Surprise Canyon Formation:
At the end of the Mississippian the Redwall limestone was lifted above sea level and a series of river channels and marine estuaries eroded into the Redwall surface. At the same time an extensive system of caves developed across many parts of the exposed Redwall limestone. These channels were in some cases fed by water coming from the caves that drained the Redwall surface. With time the sea level rose again and the channels filled with deposits of sandstone, conglomerates, and silts. Many of these clastics came from the eroded Redwall limestone which contains large numbers of chert deposits. This chert gravel filled the base deposits of sediment in the Redwall caves and the lower sections of the Surprise Canyon channels. Eventually the channels filled completely and many of the caves filled with fine muds, although some remained open and later collapsed under the weight of sediments deposited during the early Pennsylvanian.

Pennsylvanian Wescogame, Manakacha, and Watahomigi Formations:
These are deposits of sand, silt, and mud, primarily in a shallow marine environment. Some areas have deposits of sand dunes that were deposited on dry land by windblown sand. This was a period of regressing sea levels leaving broad floodplains in an arid to semi-arid environment where drifting sand formed dunes, and rivers formed braided stream fluvial deposits of thin-bedded sands. In tidal zones these same sands were sorted and deposited by tidal flux, longshore currents, and wave action along beaches.
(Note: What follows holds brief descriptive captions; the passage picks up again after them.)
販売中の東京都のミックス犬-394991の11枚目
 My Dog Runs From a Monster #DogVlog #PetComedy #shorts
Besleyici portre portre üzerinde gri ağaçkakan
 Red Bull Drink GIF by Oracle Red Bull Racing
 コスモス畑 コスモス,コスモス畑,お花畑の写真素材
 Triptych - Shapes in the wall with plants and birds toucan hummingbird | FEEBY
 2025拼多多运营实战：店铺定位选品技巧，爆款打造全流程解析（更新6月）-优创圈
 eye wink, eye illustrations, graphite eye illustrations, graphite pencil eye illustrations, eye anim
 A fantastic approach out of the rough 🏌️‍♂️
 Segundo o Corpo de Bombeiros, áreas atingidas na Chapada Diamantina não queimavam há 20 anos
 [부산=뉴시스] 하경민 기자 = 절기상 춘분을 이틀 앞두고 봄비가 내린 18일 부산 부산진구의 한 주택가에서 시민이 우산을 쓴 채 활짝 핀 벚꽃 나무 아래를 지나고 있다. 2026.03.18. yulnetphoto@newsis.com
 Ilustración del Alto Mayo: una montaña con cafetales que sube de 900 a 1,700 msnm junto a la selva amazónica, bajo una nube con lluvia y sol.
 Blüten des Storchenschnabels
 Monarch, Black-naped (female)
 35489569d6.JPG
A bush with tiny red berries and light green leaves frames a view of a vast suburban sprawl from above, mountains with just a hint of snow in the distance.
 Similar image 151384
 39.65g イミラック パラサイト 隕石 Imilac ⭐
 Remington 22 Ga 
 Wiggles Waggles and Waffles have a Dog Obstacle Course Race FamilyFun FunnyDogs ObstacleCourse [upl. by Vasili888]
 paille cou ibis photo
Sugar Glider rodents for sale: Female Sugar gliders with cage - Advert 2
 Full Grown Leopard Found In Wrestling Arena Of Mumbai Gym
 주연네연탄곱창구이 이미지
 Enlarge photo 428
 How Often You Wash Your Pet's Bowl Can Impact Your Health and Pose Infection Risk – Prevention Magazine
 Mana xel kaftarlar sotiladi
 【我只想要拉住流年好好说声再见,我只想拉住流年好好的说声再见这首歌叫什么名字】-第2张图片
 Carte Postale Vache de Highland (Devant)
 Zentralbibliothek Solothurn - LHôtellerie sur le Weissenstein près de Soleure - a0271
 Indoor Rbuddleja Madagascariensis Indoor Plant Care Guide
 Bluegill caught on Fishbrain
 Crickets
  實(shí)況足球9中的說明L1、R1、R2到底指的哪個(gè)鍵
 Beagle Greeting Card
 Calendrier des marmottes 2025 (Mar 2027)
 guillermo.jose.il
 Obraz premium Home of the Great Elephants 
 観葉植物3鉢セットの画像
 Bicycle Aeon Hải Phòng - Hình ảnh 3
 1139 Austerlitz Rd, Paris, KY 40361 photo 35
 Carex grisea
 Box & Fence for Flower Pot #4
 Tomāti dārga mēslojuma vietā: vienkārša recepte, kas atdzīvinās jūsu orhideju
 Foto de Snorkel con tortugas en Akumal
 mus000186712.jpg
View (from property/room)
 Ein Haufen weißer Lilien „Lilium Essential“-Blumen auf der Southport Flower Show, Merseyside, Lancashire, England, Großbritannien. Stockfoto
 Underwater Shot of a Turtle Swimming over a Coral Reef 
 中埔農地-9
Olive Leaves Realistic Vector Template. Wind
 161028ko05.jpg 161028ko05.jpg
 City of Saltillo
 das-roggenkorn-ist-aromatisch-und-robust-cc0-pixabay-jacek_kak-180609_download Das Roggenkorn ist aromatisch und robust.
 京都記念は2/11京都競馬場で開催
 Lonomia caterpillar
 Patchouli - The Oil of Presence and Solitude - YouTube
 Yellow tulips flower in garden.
Permian Esplanade Sandstone:
The Esplanade is formed from eolian (wind-blown) sands. This was an arid environment. Also within the Esplanade are deposits of gypsum that were deposited by evaporation of confined bodies of water, possibly in coastal sabkha environments or in confined hypersaline lake beds.

Permian Hermit Formation:
Silt, sand, and mud make up the Hermit. Much of it was deposited as a fluvial deposit, which contains point-bars formed by meandering streams.

Permian Coconino:
This is an impressive deposit of eolian (wind-blown) sandstone. These were part of an enormous desert that extended as far north as present day Montana. The dunes are well preserved as cross-beds and are typically several meters high.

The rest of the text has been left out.